Your instructions: Copy each line below exactly and leave the pictures out.

----

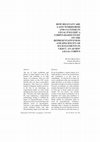 Research paper thumbnail of How relevant are Latin wordforms and clusters in legal English?: a corpus-based study on the representativeness and specificity of such elements in UKSCC: an "ad hoc" legal corpus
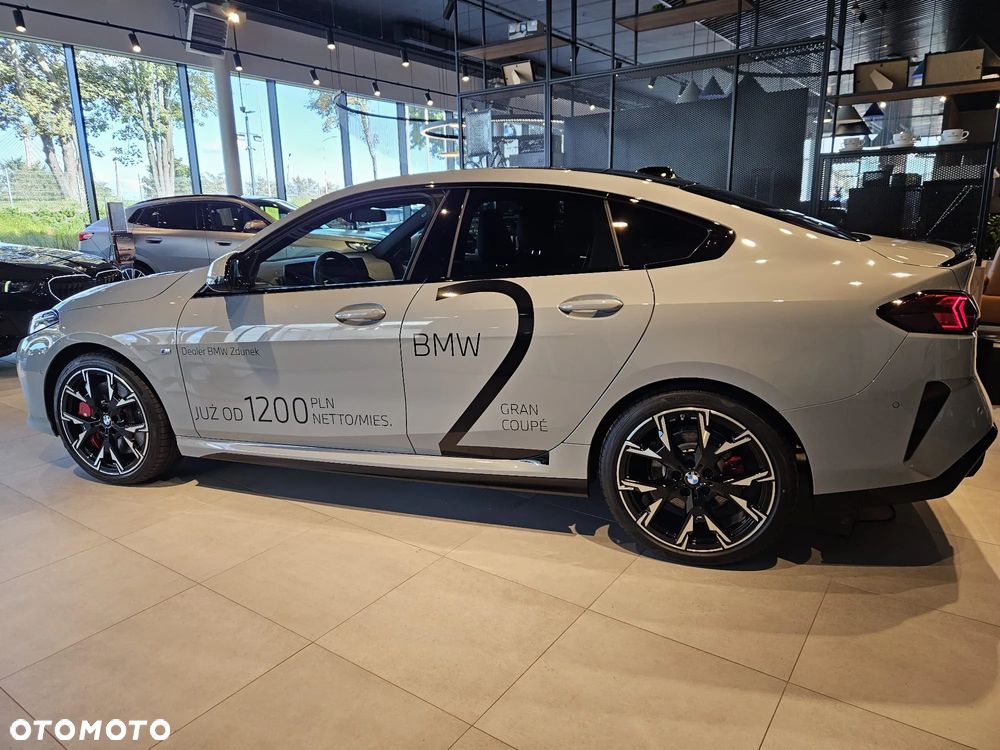 BMW Seria 2 220 Gran Coupe - 2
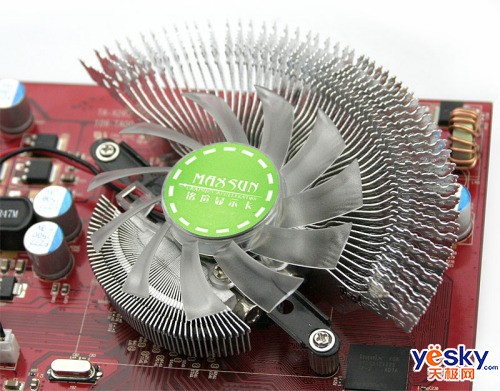 499Ԫ2600PRO���ܳ�Ƶ3Dmark05��9000��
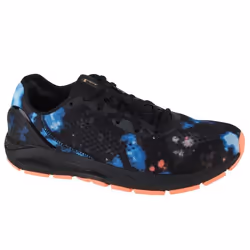 Sports Shoes Hovr Sonic 5 Mesh Noir
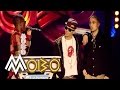 Tinchy Stryder & Dappy | Win 'Best Video ...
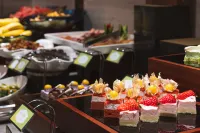 Hampton by Hilton Ningde Lithium Electricity Town - Breakfast
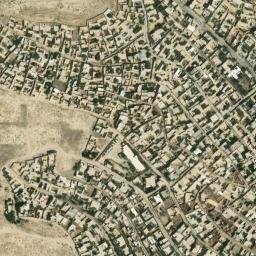 Satellite imagery of Gora Marandzhan, AF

----

Problem solution:
 Research paper thumbnail of How relevant are Latin wordforms and clusters in legal English?: a corpus-based study on the representativeness and specificity of such elements in UKSCC: an "ad hoc" legal corpus
 BMW Seria 2 220 Gran Coupe - 2
 499Ԫ2600PRO���ܳ�Ƶ3Dmark05��9000��
 Sports Shoes Hovr Sonic 5 Mesh Noir
 Tinchy Stryder & Dappy | Win 'Best Video ...
 Hampton by Hilton Ningde Lithium Electricity Town - Breakfast
 Satellite imagery of Gora Marandzhan, AF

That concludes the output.